Que prévoyaient ces projets de textes ?
Contrairement aux sommes astronomiques, insidieusement balancées, par des sources occultes, l’incidence financière du projet était estimée à : pour le Premier ministre, 57 120 000 F CFA par an ; pour les ministres et assimilés, à 1 617 000 000 F CFA par an ; pour les anciens Premiers ministres, 1 200 000 FCFA par mois et par personne ; pour les anciens ministres, 500 000 F CFA par mois et par personne.
Sur quelle base les avantages proposés l’ont été ?
Des investigations que nous avons effectuées, les projets de textes, soumis par le ministère des Finances, ont suivi la même logique adoptée par les lois fixant les avantages accordés au président de la République et aux anciens présidents de la République. Elle est formulée de la manière suivante :
-« le Président de la République perçoit un traitement hors échelle d’un montant égal à dix (10) fois la moyenne des traitements bruts les plus élevés des fonctionnaires de catégorie A, tous corps confondus » (Article 2 de la loi n° 2012-011 du 24 février 2012) ;
– « les anciens Présidents de la République bénéficient d’une pension dont le montant est égal à sept (07) fois la moyenne des traitements bruts les plus élevés des fonctionnaires de catégorie A, tous corps confondus » ;
Aussi, le projet proposait-il :
-Pour le Premier ministre, « un traitement hors échelle d’un montant égal à sept (07) fois la moyenne des traite-ments bruts les plus élevés des fonctionnaires de catégo-rie A, tous corps confondus » ;
-Pour les ministres, « un traitement hors échelle d’un montant égal à cinq (05) fois la moyenne des traitements bruts les plus élevés des fonctionnaires de catégorie A, tous corps confondus » ;
-Pour les anciens Premiers ministres et ‘’sans aucun rap-pel’’ : les 2/3 de la rémunération brute du Premier mi-nistre en fonction, soit 1 200 000 F CFA.

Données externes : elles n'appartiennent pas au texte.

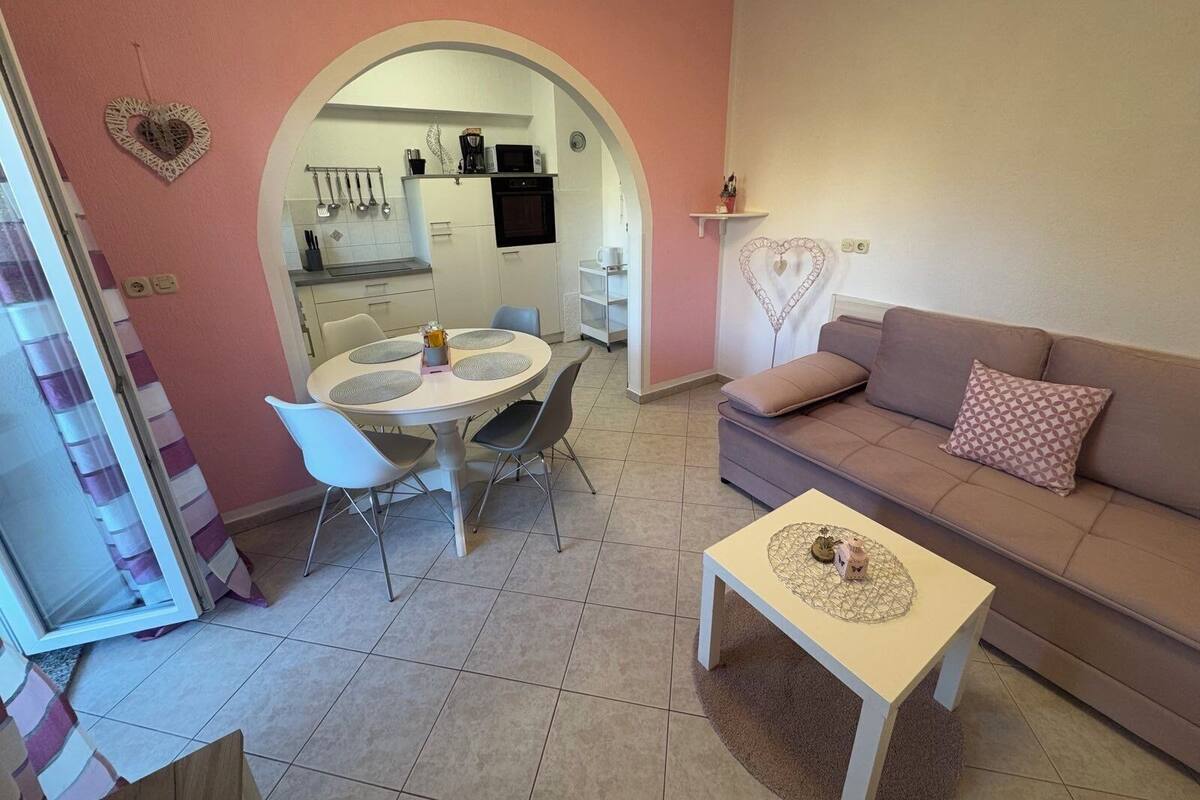 A cozy living room with a sofa, a coffee table, and a dining area with chairs and a table.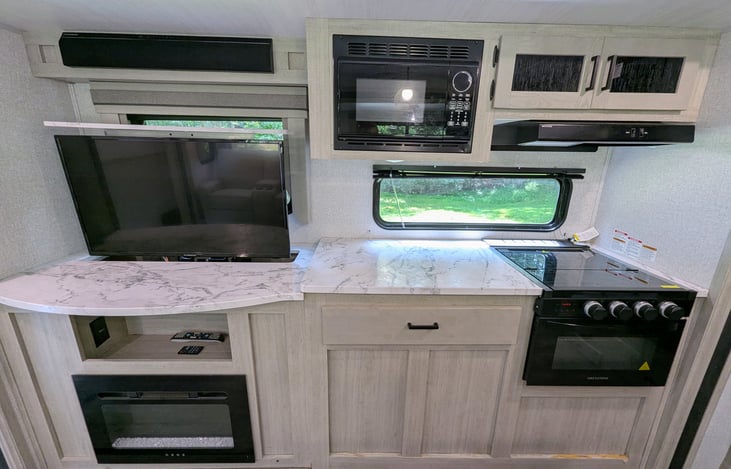 Bright, spacious and luxurious interior. Well-equipped kitchen with island and large refrigerator. Telescoping TV with fireplace. Ample storage. Cozy recliners. Large windows for natural light.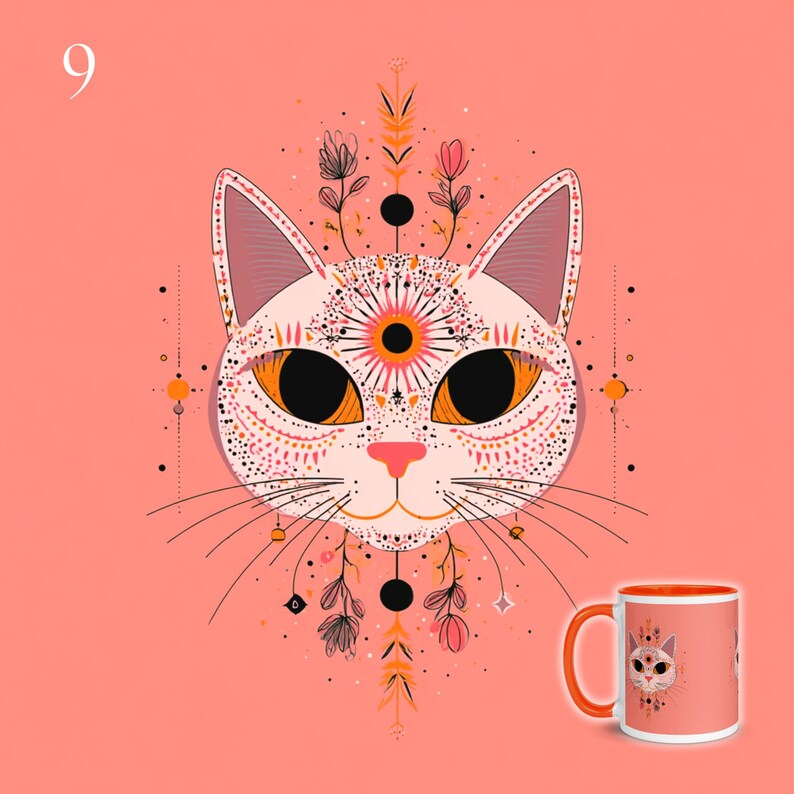 May include: A ceramic mug with an orange handle and rim, featuring a graphic illustration of a cat face with large orange eyes, a pink nose, and intricate black and orange floral and geometric patterns extending above and below the head.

-Pour les anciens ministres, une indemnité de sortie, une indemnité forfaitaire de logement de 950 000 FCFA, un re-classement au plafond indiciaire de leur catégorie, la nomination d’office au poste de chargé de mission de leur ancien département en cas de non-emploi.
D’où vient cette initiative ?
De nos investigations, il ressort qu’aucun ancien Premier ministre n’a suggéré ou plaidé encore moins exigé l’amélioration de sa situation personnelle. Plus soucieux de la situation de leur pays, que de l’amélioration de la leur propre niveau de vie, les anciens Premiers ministres, comme ledit Zou, n’ont « rien demandé et, surtout, n’ont rien reçu de ces sommes faramineuses » qu’aucune loi ne permet d’ailleurs d’accorder. Simplement parce que d’essence la loi n’est pas rétroactive. Elle est faite pour l’avenir et non pour gérer des situations antérieures.
L’État est une continuité, la formule est bien connue. La réforme dont il s’agit, à savoir l’amélioration des conditions de vie des grands serviteurs de l’État, est bel et bien l’œuvre de l’État. Mais en aucun moment, Ibrahim Boubacar Keita (ancien Premier ministre), aujourd’hui président de la République n’est intervenu dans le cours de la procédure d’élaboration et d’examen de cette réforme. Et l’objectivité impose qu’à César, il faut rendre ce qui lui est dû. En effet, selon nos investigations, c’est à l’initiative, et sous l’impulsion du chef du gouvernement, Modibo Keita, que les projets de textes ont été retirés par le conseil des ministres. Et cela, en raison, dit-on, des énormes difficultés que traverse notre pays.
Alors la question reste entière : qui veut créer la confusion ? À qui profitent l’intox et la manipulation ? Qui a intérêt à trainer dans la boue les anciens Premiers ministres du Mali qui n’ont rien demandé et qui supportent dignement leur situation ?
Le mobile, comme on le dit, est l’anse par laquelle on saisit le criminel. Mais « Calomniez, calomniez, il restera toujours quelque chose ».